Recorded data section start

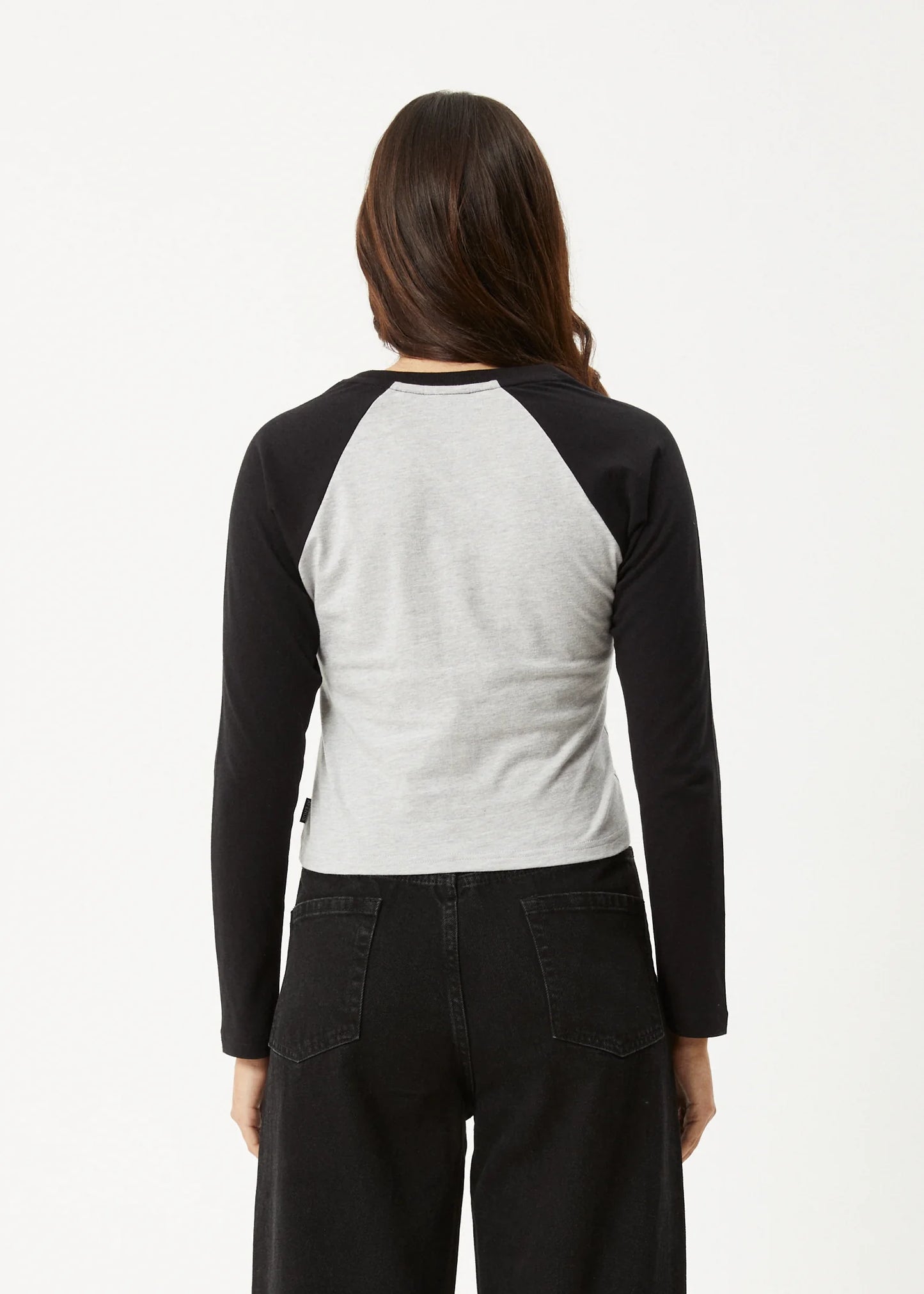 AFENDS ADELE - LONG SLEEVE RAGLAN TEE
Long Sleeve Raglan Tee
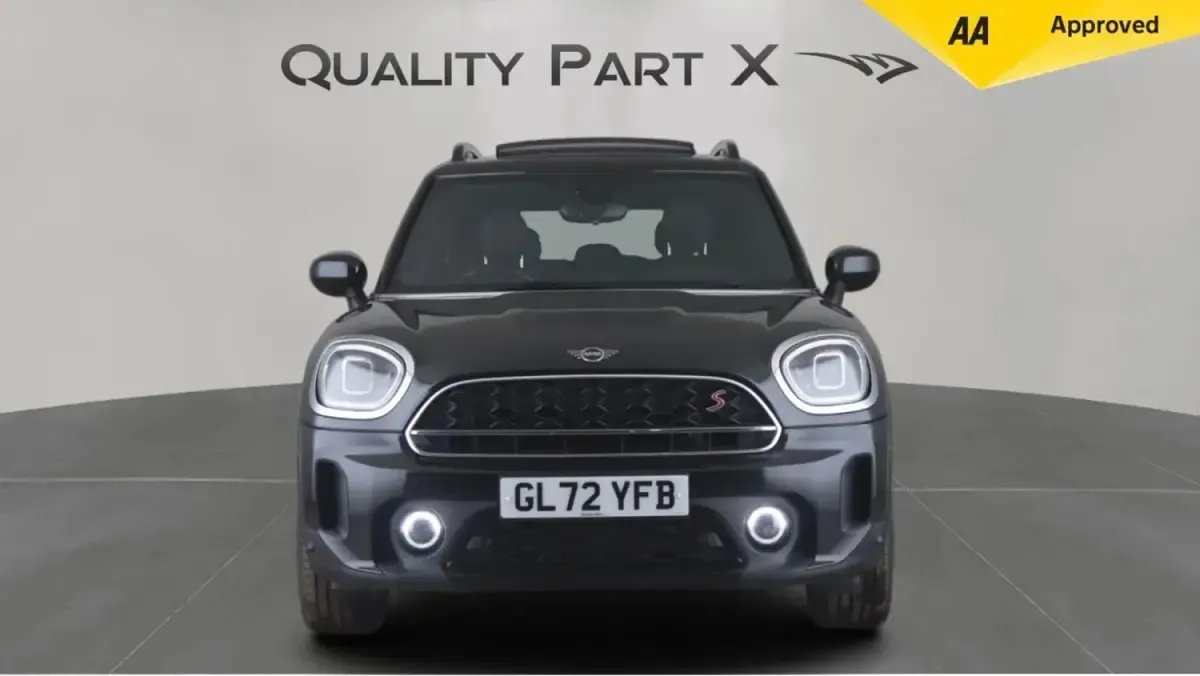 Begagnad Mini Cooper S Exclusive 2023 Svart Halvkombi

Recorded data section end

Work task: Set down the material above word for word and skip its pictures.

Completed exercise:
 AFENDS ADELE - LONG SLEEVE RAGLAN TEE
Long Sleeve Raglan Tee
 Begagnad Mini Cooper S Exclusive 2023 Svart Halvkombi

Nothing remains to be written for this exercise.